Which Stats Method? - 5 Complicated regression

5.1 Dependencies in your data

5.1.1 What is independent data

Broadly, having knowledge about one observation should not give you knowledge about other observations in your dataset.

For example, if we flip a coin ten times, knowing the result of the first coin toss (heads) will not give us knowledge about the subsequent 9 coin tosses.

5.1.2 What is data with dependencies

In reality, most data have dependencies, so we will focus on some of the most important kinds that will severely impact your analyses if you do not identify them.
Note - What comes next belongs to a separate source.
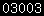 blogger web statistics
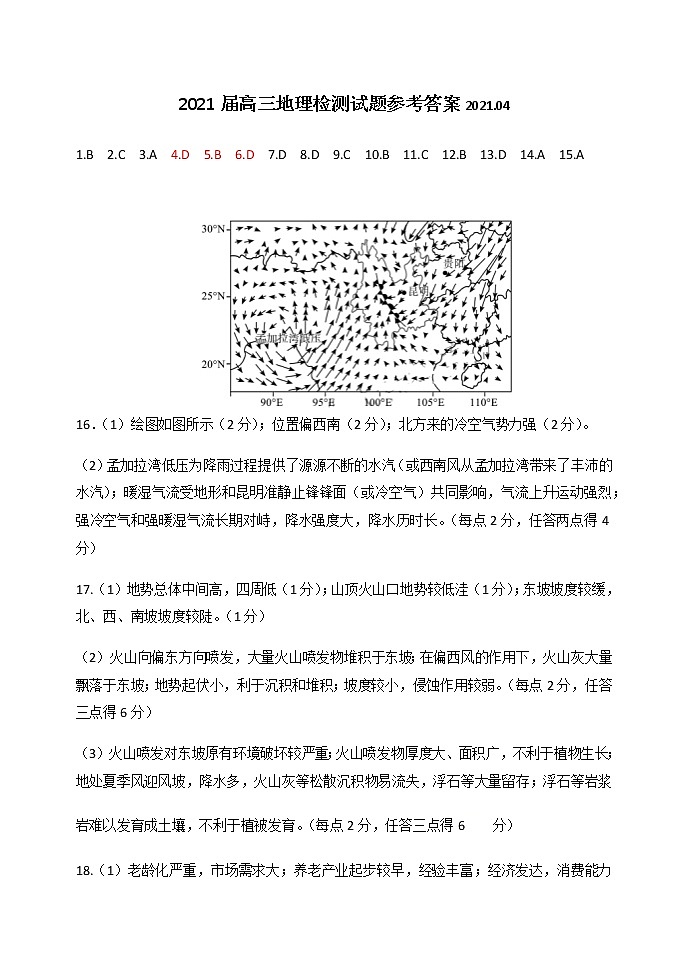 2021济南章丘区高三下学期4月二轮阶段性测试（二模）地理试题PDF版含答案01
5.1.3 Repeated measures/longitudinal data

If you have a dataset with repeated measures (e.g. some people in your cohort have more than one observation), then the repeated observations on each person cause dependencies in the data. That is, if a person has their weight measured five times, then just by knowing their first weight you can have a good guess at what their subsequent weights will be.

5.1.4 Matched data

Inside case-control studies, for each case a control (or multiple cases) can be selected to have similar attributes. For example, for each case, a control can be selected with a similar age. These controls have been “matched” to a case, and have introduced dependencies into the data.

5.1.5 Grouped/clustered data

Repeated measures data is a type of clustered data, where each person is their own cluster. Matched data is also a type of clustered data, where each group of matched controls-to-a-case is a cluster.

There can be many other kinds of clusters, for example:

Data sampled from multiple hospitals could have the hospital as the cluster variable
Data sampled from multiple countries could have the country as the cluster variable
Data sampled from multiple counties/municipalities could have the country/municipality as the cluster variable
If it is a study of children, and multiple children from each mother are included, then the mother could be the cluster variable

5.2 Analysing data with dependencies

5.2.1 Mixed effects regression

Mixed effects regression is an extension of the simple regression models (fixed effects) that we learned about in the previous chapter. You can have:

Mixed effects linear regression
Mixed effects logistic regression
Mixed effects negative-binomial regression

Mixed effects models are models that have both fixed and random effects. “Effects” is the term used to describe the estimated impact a variable has on the outcome. For example, “the effect of smoking on the risk of lung cancer”.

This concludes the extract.